Outro aspecto muito marcante diz respeito aos próprios personagens e à dinâmica entre eles. Tal junção permite a criação de imagens que se eternizaram, inclusive se distanciando do conto original e de outras versões feitas pelo cinema posteriormente. A Rainha e seu desejo ciumento de ser a mais bela produzem uma vilã expressiva para os contos de fadas, tendo o acréscimo do espelho mágico para propiciar a famosa frase no áudio original “Espelho mágico, existe alguém mais bela do que eu?” ou traduzida para o português como “Espelho, espelho meu, existe alguém mais bela do que eu?”. Quando os anões Mestre, Dengoso, Atchim, Soneca, Feliz, Dunga e Zangado entram em cena, as características específicas de cada um, a relação com a Branca de Neve e as sequências musicais e cômicas criam mais alguns momentos influentes para a história do cinema. Como não se lembrar da saída para o trabalho em que cada um deles recebe um beijo na cabeça da princesa, os espirros constantes de Atchim, a mudança de Zangado em relação à jovem, os esforços de Dunga para ganhar mais beijos e a amizade construída entre todos?

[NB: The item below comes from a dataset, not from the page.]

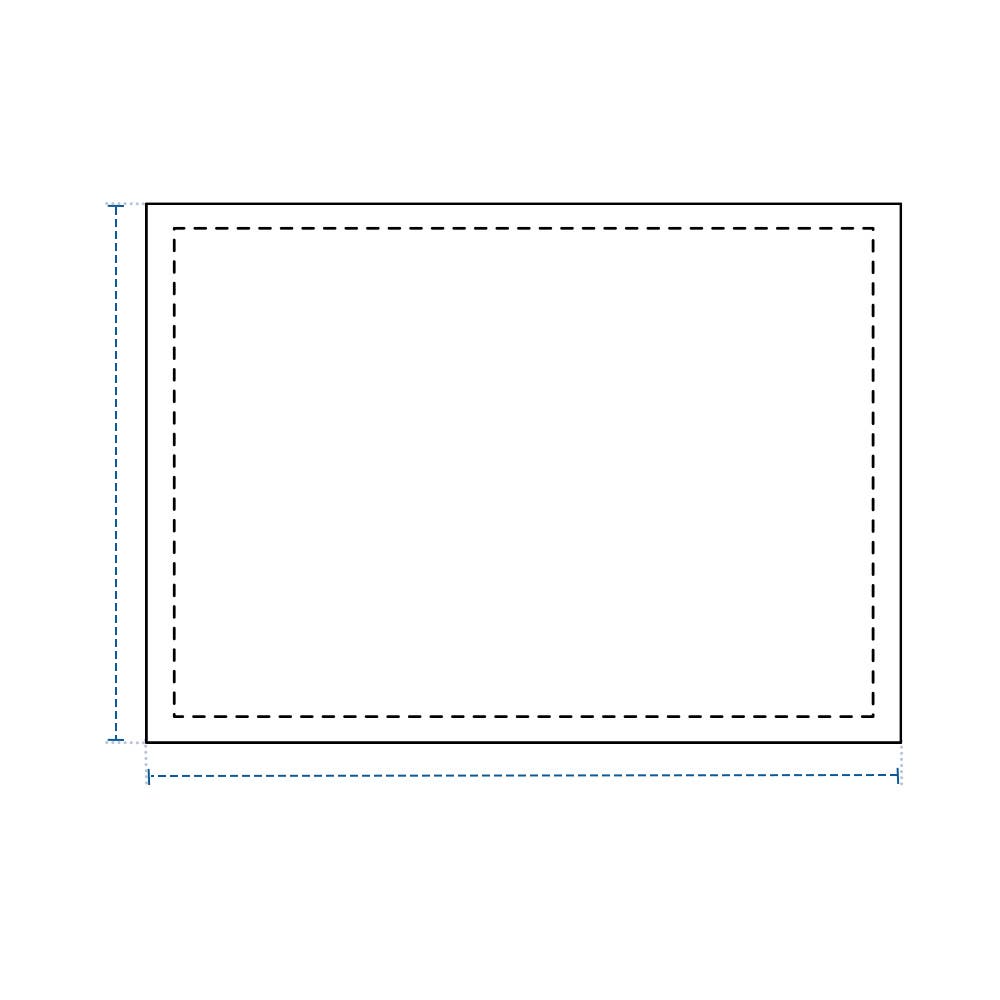 Baseball Weighted Mound Tarpaulin – Rectangle / Square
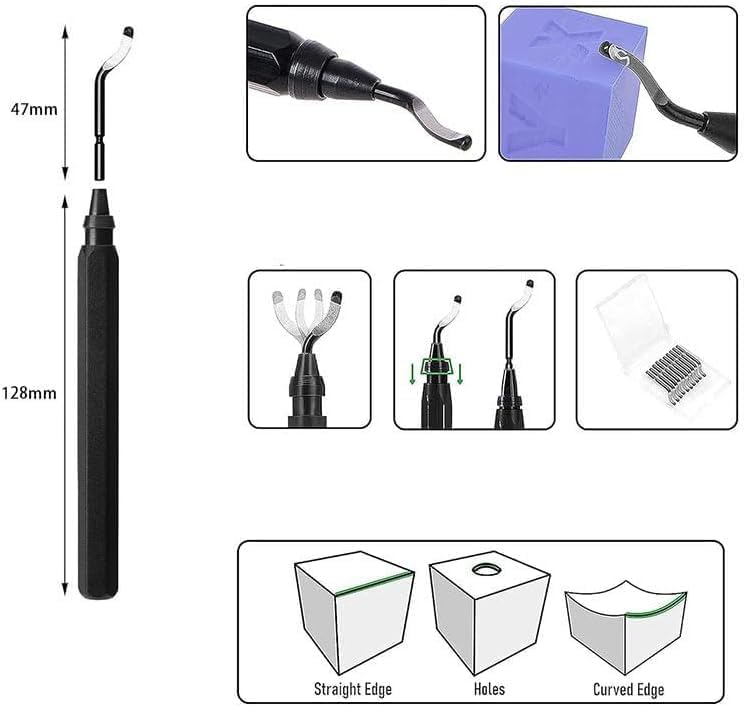 for Bambu Lab Tool 3D Printer Tools Set, 3D Printing Tools, Deburring Tool Deburring Knife 3D Printer Clog Tool Nozzle Cleaners,Precision Knife Set,Hex Key Screwdrivers,Tweezers,Scraper-49pcs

Embora o humor e a inocência predominem na narrativa, isso não significa que a atmosfera sombria característica da tradição oral da história e do conto dos irmãos Grimm tenha sido totalmente retirada. A animação pode ter amenizado tais traços, reduzindo a violência que fez parte das versões originais em muitas passagens, porém as manteve em doses específicas durante cenas pontuais. Por vezes, a sensação de medo ou de ameaça mortal aparece através de um jogo de luz e sombras evocativo de filmes de terror, já em outros instantes prevalece a construção visual do plano. A aproximação surpresa do caçador para executar o plano da Rainha é mostrada a partir de uma grande sombra cerca a princesa, a fuga para a floresta envolve escapar de formas esteticamente monstruosas no local e o disfarce da vilã sob a imagem de uma idosa carregando a maçã envenenada é retratado em uma noite de tempestade intensa. Quando o plano é executado e a protagonista morde a fruta, o espectador assiste à cena pelo ponto de vista da Rainha ou pelo enquadramento parcial dos efeitos do veneno sobre a protagonista.

Branca de neve e os sete anões” transita entre diversas sequências icônicas que seguem sendo lembradas ao longo do tempo. Podem ser acontecimentos, sensações, personagens e imagens que remetem ao material prévio da história, indicam as escolhas formais e dramatúrgicas da Disney ou reverberam em adaptações futuras. Além da importância das canções, da construção sombria em torno da Rainha, da comédia, da relação da protagonista com os anões, a animação também permite a leitura de alguns símbolos que oferecem outros níveis de percepção. Por exemplo, haveria algum subtexto religioso para o uso da maçã envenenada (uma alusão talvez ao pecado original)? Esse mesmo subtexto poderia dar sentido ao desfecho do romance entre Branca de Neve e o príncipe? Quaisquer que sejam as leituras feitas, o filme se torna um clássico por um conjunto de qualidades que se adaptam a diferentes tempos e propiciam a realização de novas versões. Tudo isso graças a uma animação que sedimentou um caminho rico e emblemático para o cinema.